(Supplied material Opens)

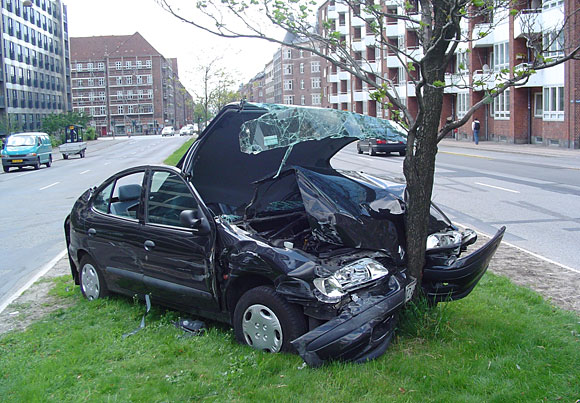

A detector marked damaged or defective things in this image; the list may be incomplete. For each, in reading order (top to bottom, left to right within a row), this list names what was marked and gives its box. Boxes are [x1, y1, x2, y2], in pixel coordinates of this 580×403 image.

crushed car hood [181, 102, 408, 213]
broken windshield glass [238, 104, 406, 155]
shattered windshield [240, 104, 408, 155]
wrecked black car [65, 102, 506, 368]
detached bumper [422, 227, 502, 304]
detached bumper [290, 280, 408, 368]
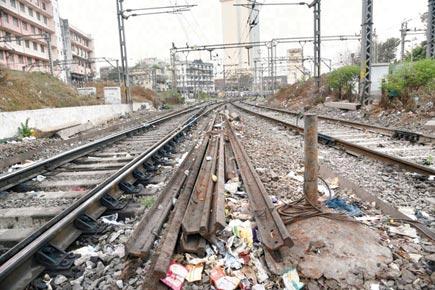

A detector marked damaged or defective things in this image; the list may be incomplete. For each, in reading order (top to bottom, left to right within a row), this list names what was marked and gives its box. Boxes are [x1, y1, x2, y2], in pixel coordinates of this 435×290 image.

rusty rail segment [0, 103, 216, 288]
rusty rail segment [227, 118, 294, 258]
rusty rail segment [235, 103, 435, 176]
rusty rail segment [245, 101, 435, 146]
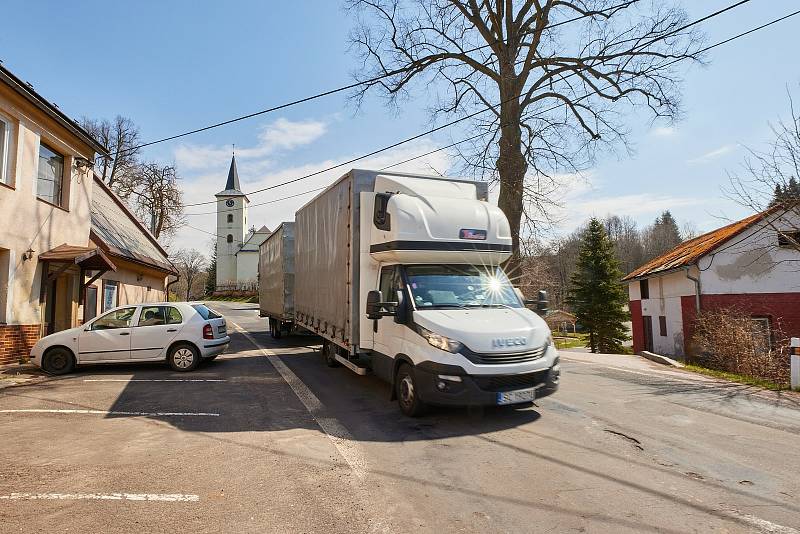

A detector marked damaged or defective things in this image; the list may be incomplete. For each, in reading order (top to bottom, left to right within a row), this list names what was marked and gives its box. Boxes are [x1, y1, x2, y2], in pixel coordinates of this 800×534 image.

rusty metal roof [620, 211, 764, 282]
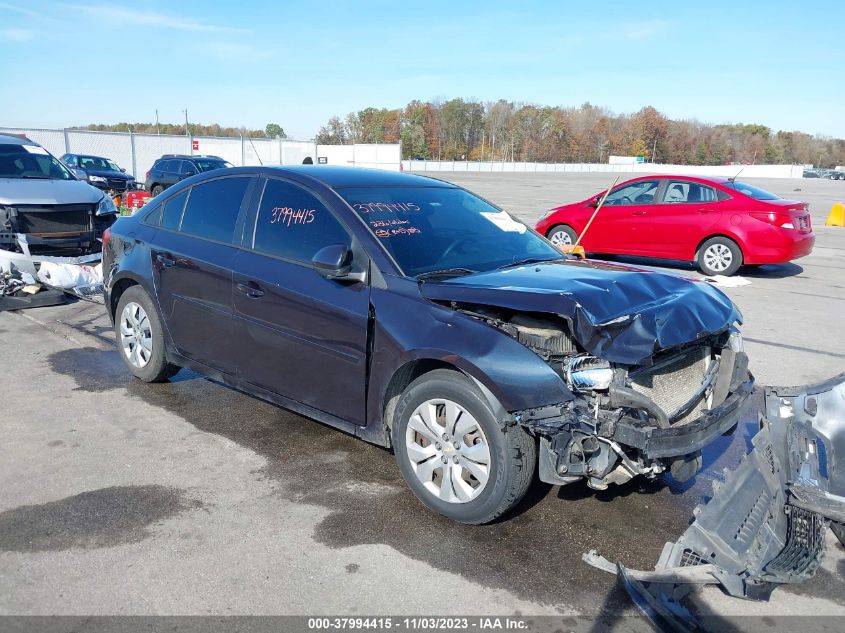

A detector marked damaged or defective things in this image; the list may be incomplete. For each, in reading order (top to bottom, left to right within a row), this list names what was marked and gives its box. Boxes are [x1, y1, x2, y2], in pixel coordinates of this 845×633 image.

crumpled hood [0, 178, 104, 205]
crumpled hood [420, 258, 740, 366]
broken headlight [564, 356, 608, 390]
damaged front end [584, 372, 844, 624]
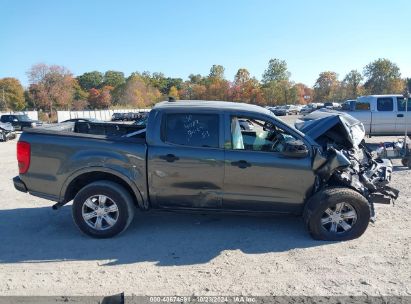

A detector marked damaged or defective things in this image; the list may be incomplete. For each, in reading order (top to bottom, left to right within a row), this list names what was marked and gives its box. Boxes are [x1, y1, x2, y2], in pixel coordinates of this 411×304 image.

crushed hood [296, 109, 366, 150]
damaged front end [298, 108, 400, 215]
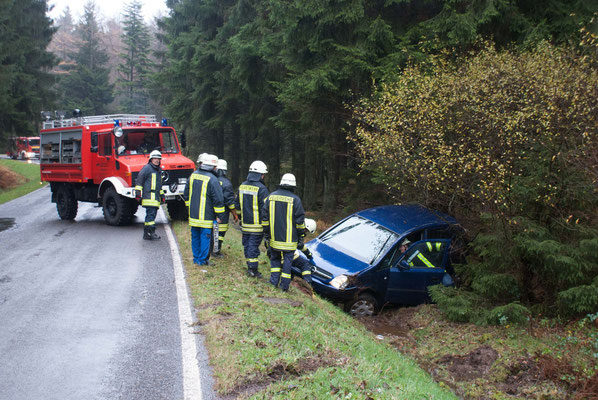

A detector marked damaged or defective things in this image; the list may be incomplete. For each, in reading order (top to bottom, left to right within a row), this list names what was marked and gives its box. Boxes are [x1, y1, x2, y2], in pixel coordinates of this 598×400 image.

crashed blue car [300, 206, 464, 316]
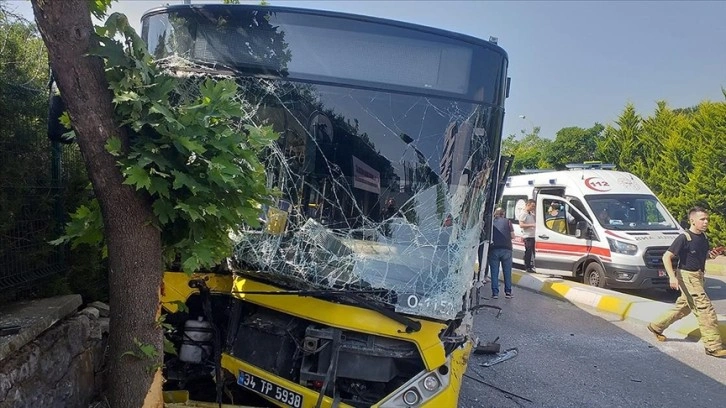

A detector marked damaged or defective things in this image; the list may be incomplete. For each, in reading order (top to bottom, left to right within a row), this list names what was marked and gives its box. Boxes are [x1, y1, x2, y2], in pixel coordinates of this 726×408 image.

shattered windshield [141, 4, 506, 320]
crashed yellow bus [142, 3, 512, 408]
damaged bus front [144, 4, 512, 406]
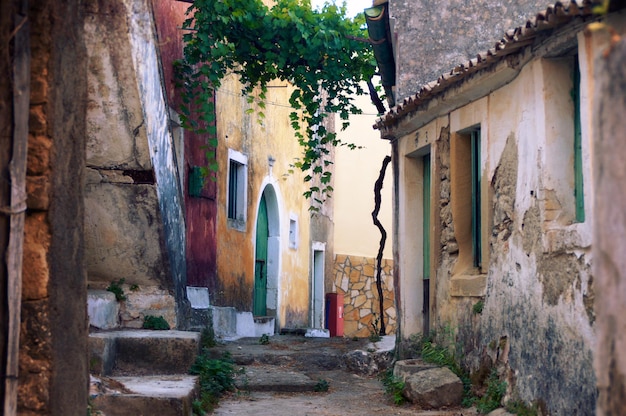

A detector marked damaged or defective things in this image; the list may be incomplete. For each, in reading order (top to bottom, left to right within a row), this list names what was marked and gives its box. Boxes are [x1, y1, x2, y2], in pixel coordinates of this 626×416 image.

peeling painted wall [390, 15, 620, 412]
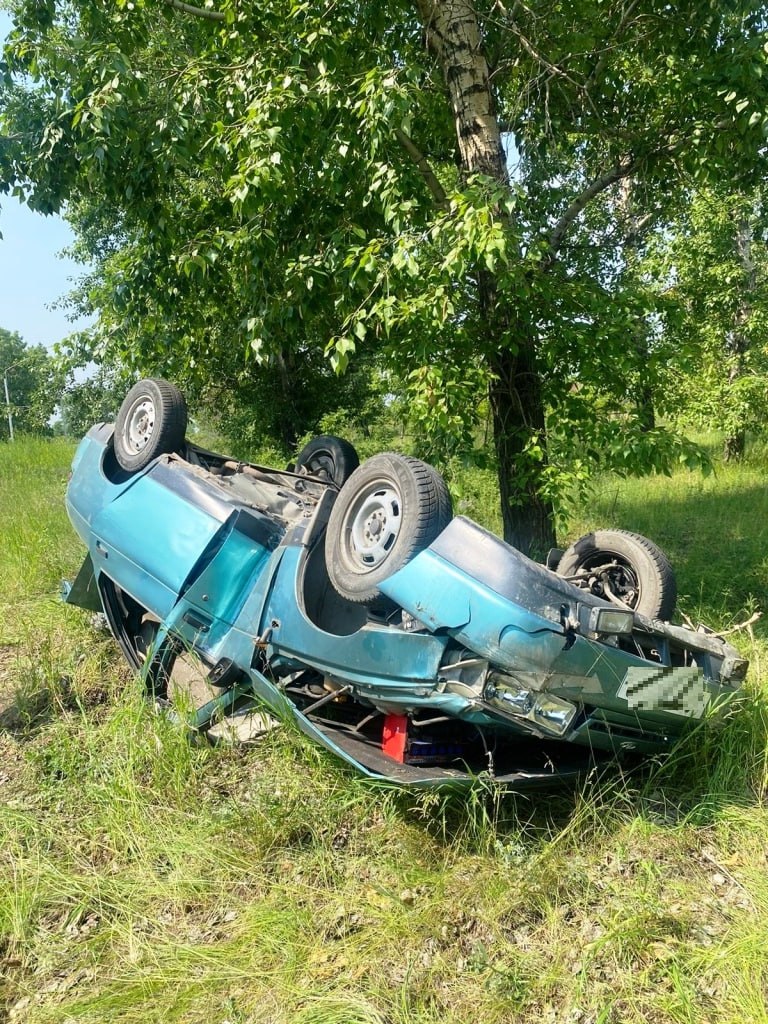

(Supplied material Closes)

Leave out the pictures and repeat exactly the lines from the one containing "this 726×408 image." through the last line of the entries.

> **Solution for this task**:
A detector marked damaged or defective things in this image; the list may be incomplete. For each, in reading order (top to bottom, left to right within a row), this list names what was marked and gives its box. Boxes are [x1, y1, x2, y2], in pixel coordinates of this 726×408 image.

shattered windshield [141, 4, 506, 320]
crashed yellow bus [142, 3, 512, 408]
damaged bus front [144, 4, 512, 406]

A detector marked damaged or defective things in this image; the list may be incomplete. For each, in reading order (top to bottom, left to right within a row), this list names what was marked and gives its box. Boxes are [x1, y1, x2, y2], in pixel coordinates of this 626×416 image.

peeling painted wall [390, 15, 620, 412]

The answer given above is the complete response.